***** Input for this task *****

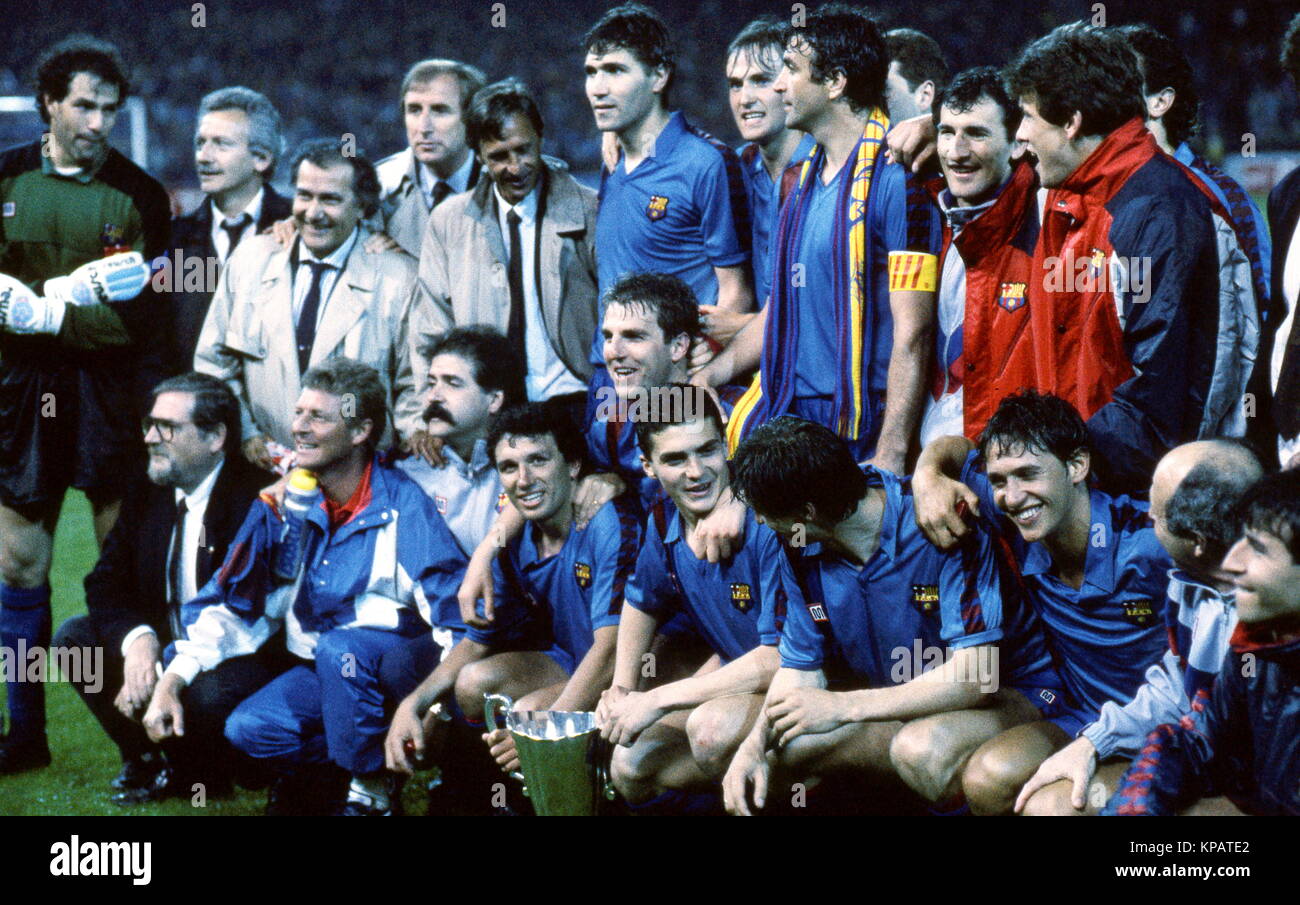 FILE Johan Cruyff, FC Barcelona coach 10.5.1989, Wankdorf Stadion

*****
***** Input for this task *****

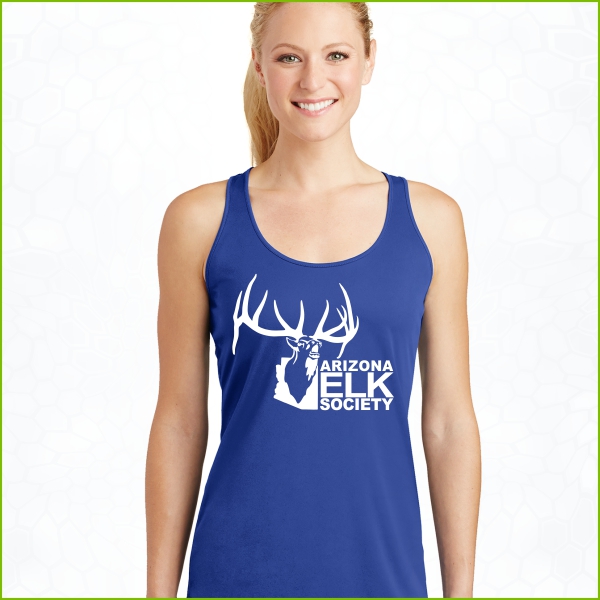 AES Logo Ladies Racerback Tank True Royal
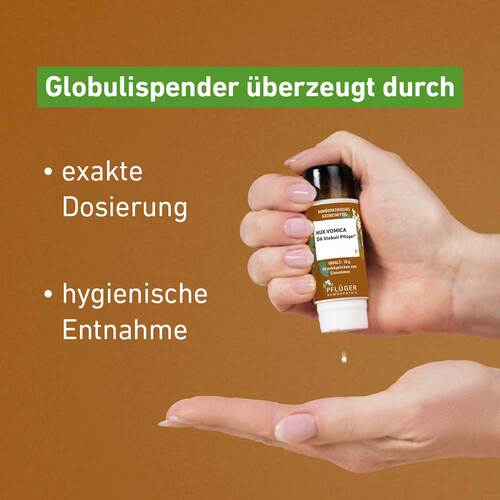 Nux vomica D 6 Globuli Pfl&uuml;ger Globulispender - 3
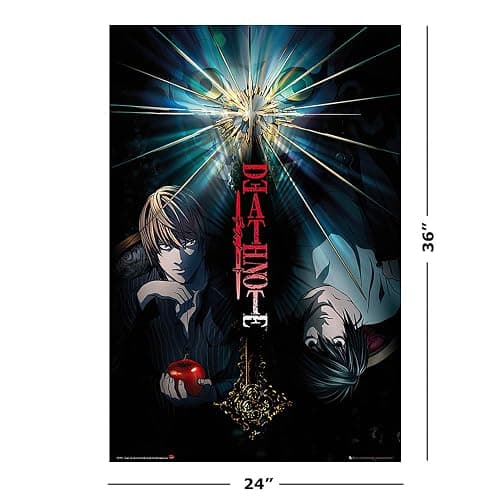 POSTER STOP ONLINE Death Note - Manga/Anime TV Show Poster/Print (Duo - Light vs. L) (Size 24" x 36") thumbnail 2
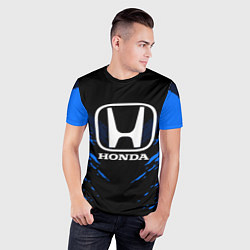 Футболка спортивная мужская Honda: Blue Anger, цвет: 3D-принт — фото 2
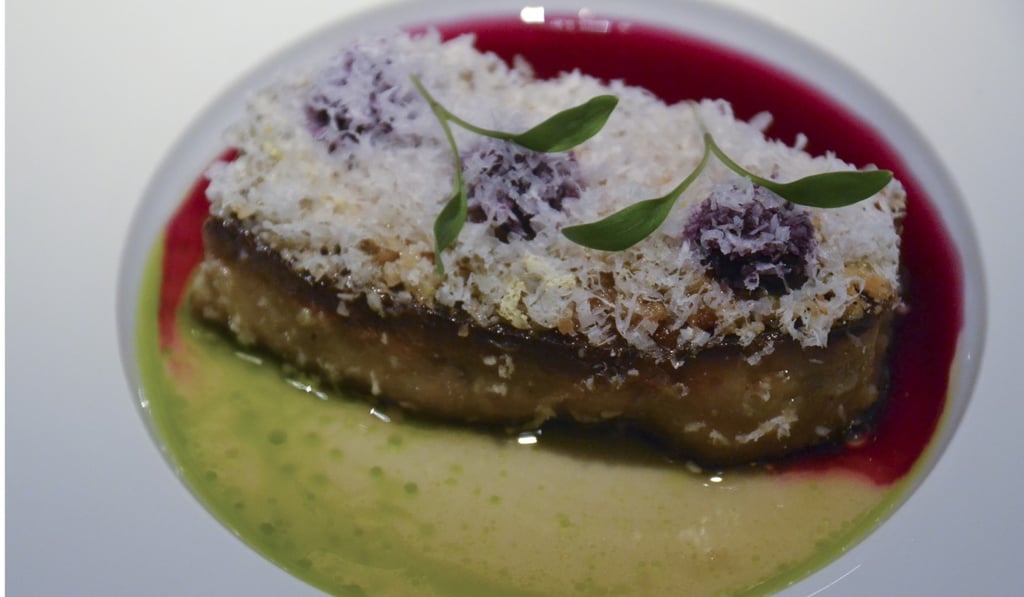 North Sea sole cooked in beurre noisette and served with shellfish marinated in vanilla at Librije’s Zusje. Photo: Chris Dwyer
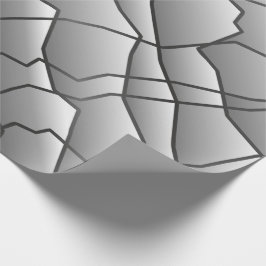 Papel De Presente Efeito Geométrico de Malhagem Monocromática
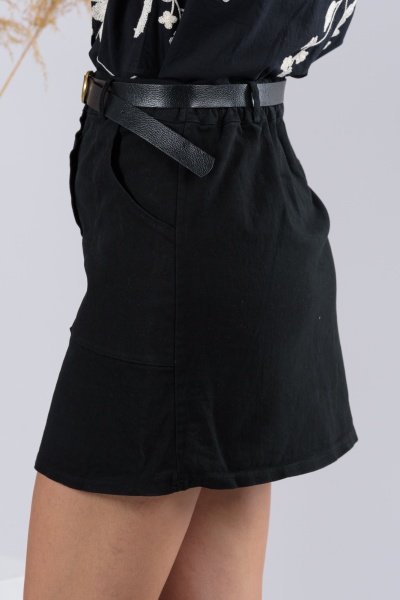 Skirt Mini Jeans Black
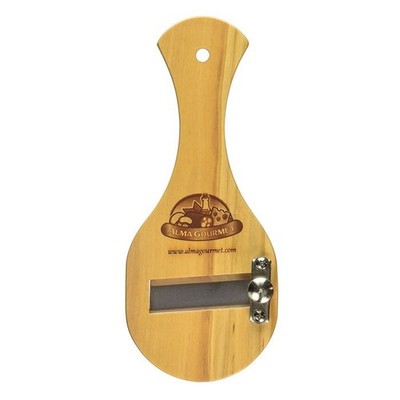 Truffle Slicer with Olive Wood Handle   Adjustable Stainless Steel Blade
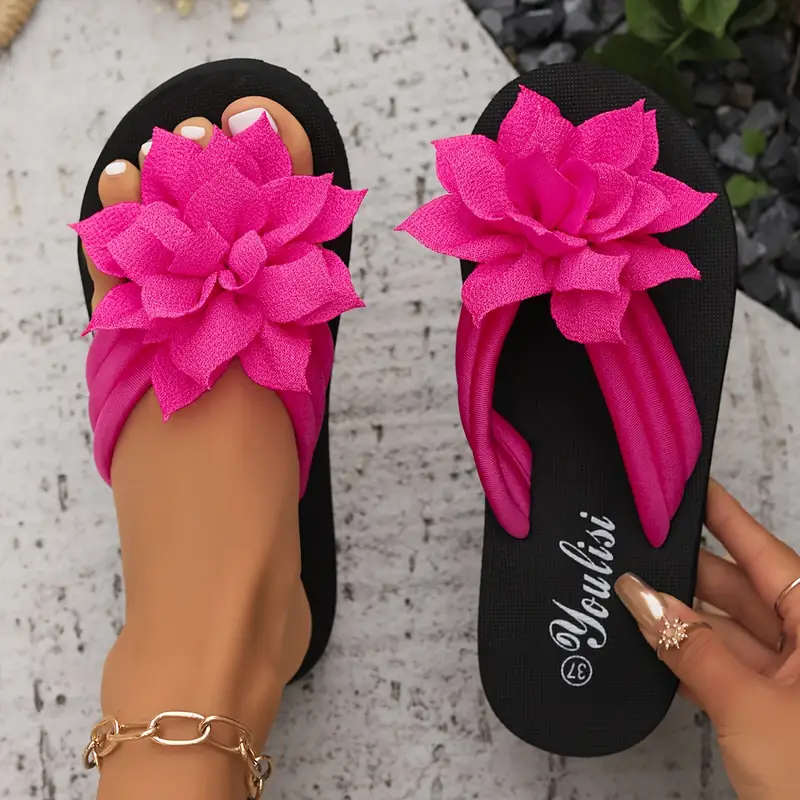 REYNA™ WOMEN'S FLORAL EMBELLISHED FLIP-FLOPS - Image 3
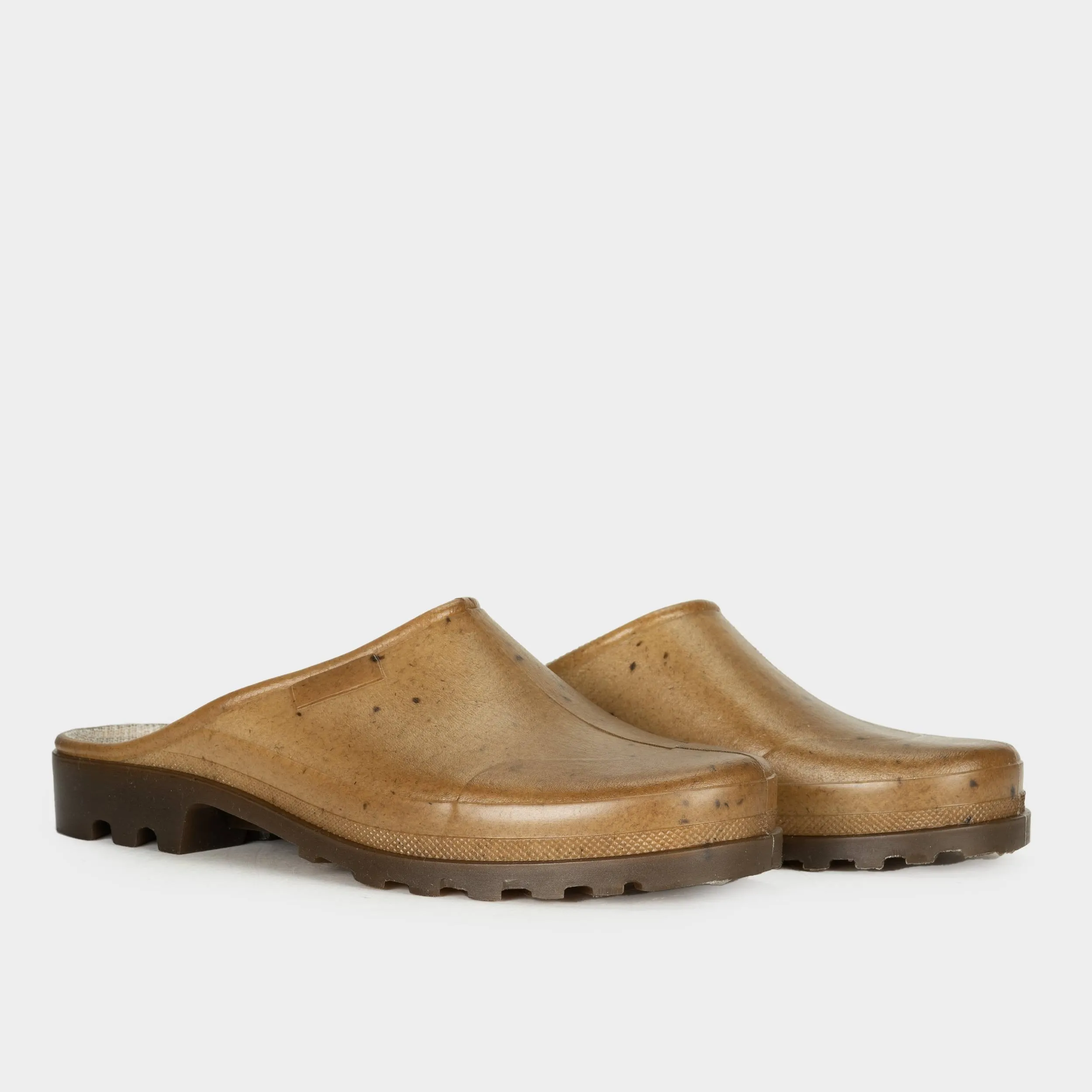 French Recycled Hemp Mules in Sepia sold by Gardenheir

*****
***** Input for this task *****

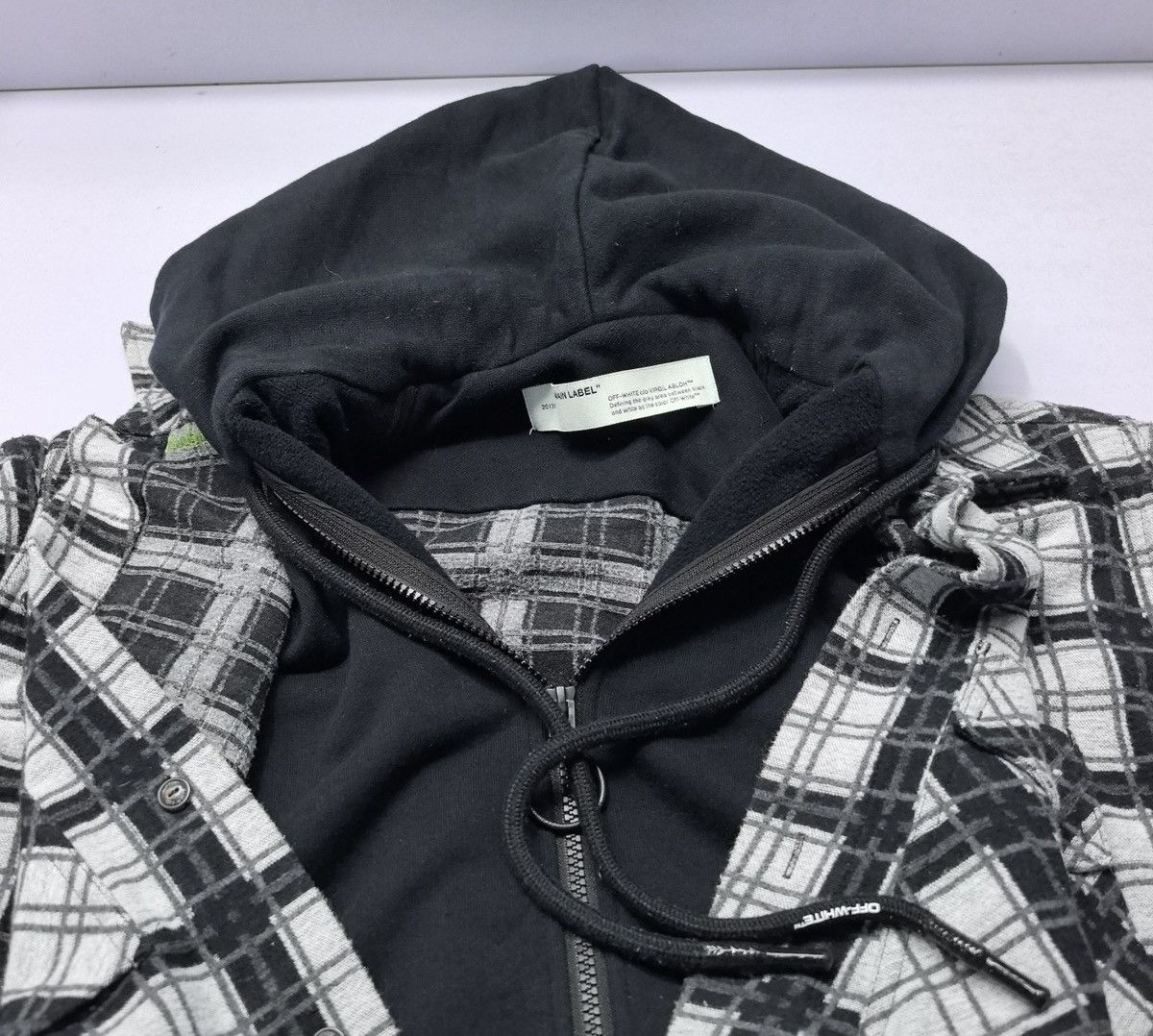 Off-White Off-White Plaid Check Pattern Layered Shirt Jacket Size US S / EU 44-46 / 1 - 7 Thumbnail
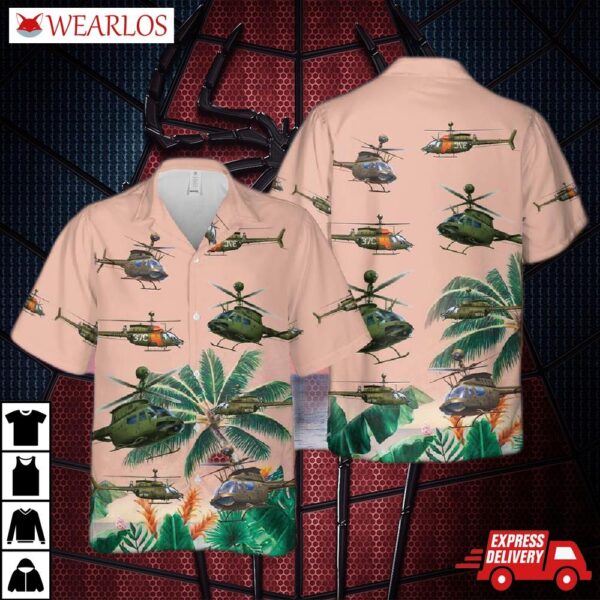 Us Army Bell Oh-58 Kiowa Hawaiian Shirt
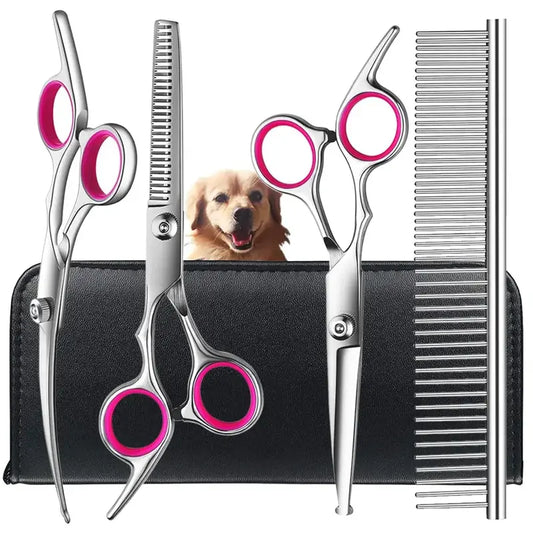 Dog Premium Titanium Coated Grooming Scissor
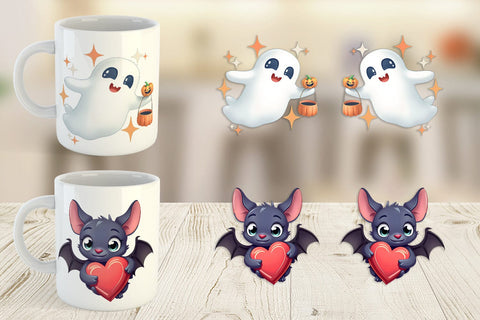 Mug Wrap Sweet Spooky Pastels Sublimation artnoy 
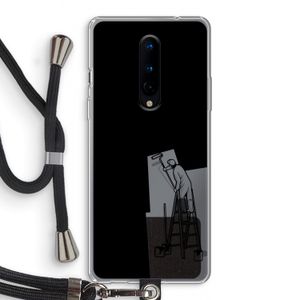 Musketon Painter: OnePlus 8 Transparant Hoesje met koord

*****

In the entries above, find the line with "North Sea sole" and the line with "REYNA™ WOMEN'S FLORAL". Return exactly those lines and all the ones between them, pictures excluded.

▶ [Task output]:
 North Sea sole cooked in beurre noisette and served with shellfish marinated in vanilla at Librije’s Zusje. Photo: Chris Dwyer
 Papel De Presente Efeito Geométrico de Malhagem Monocromática
 Skirt Mini Jeans Black
 Truffle Slicer with Olive Wood Handle   Adjustable Stainless Steel Blade
 REYNA™ WOMEN'S FLORAL EMBELLISHED FLIP-FLOPS - Image 3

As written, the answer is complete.